= Your task =
Return every line from the one with "REGADERA ELECTRICA FOSET" through the one with "Party Wear Gown with Afghani sleeves", inclusive, exactly as it appears below.

[Opening Input material section]

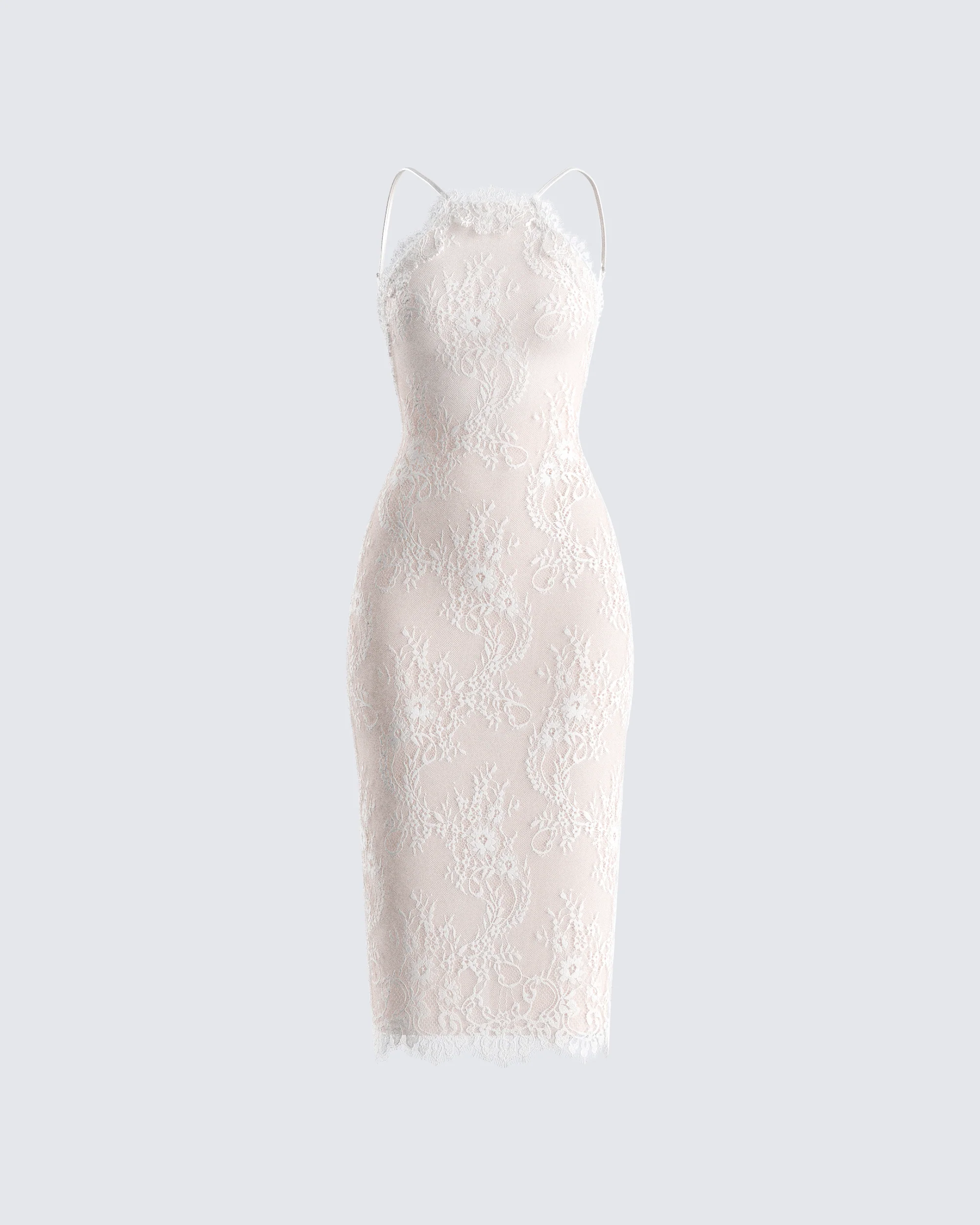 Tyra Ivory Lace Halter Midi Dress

[Closing Input material section]
[Opening Input material section]

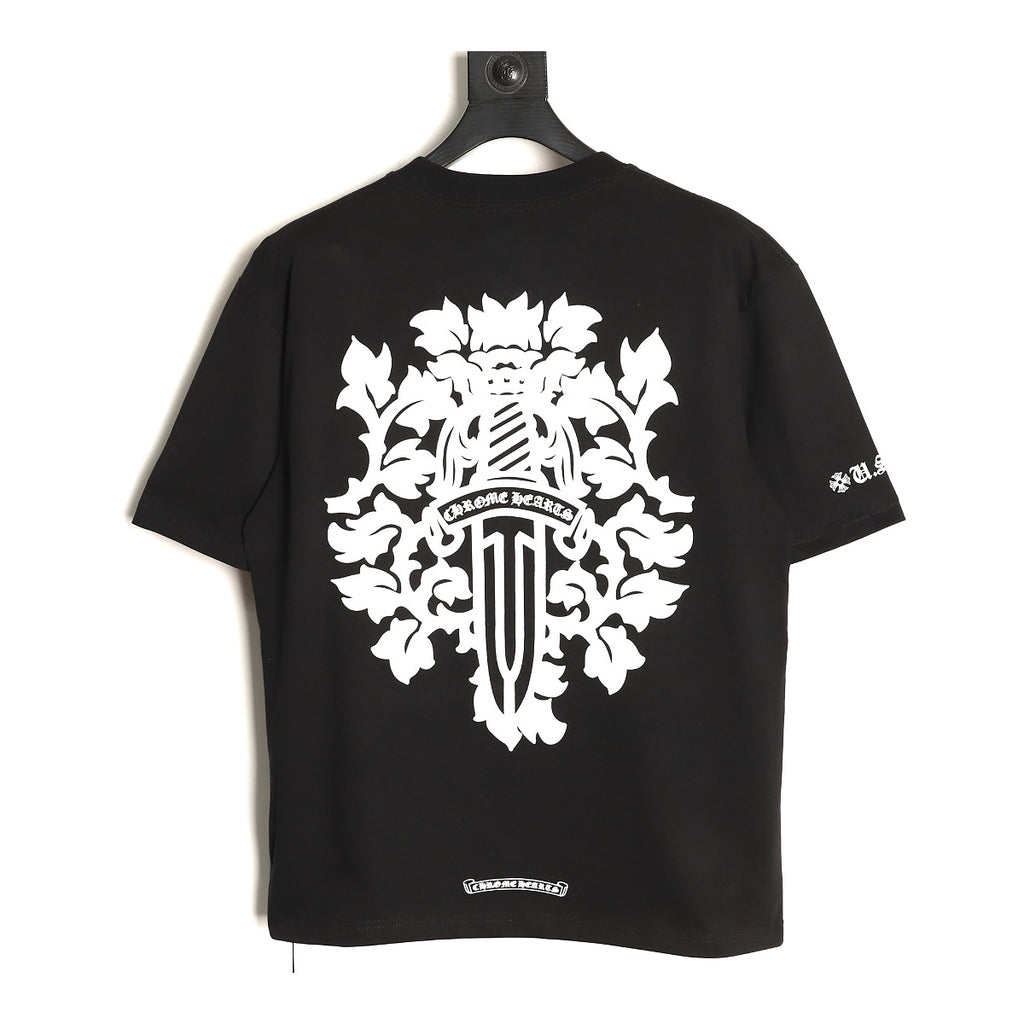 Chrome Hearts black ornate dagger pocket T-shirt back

[Closing Input material section]
[Opening Input material section]

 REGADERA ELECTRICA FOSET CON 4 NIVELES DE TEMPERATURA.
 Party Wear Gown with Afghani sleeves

[Closing Input material section]

= Answer box =
 REGADERA ELECTRICA FOSET CON 4 NIVELES DE TEMPERATURA.
 Party Wear Gown with Afghani sleeves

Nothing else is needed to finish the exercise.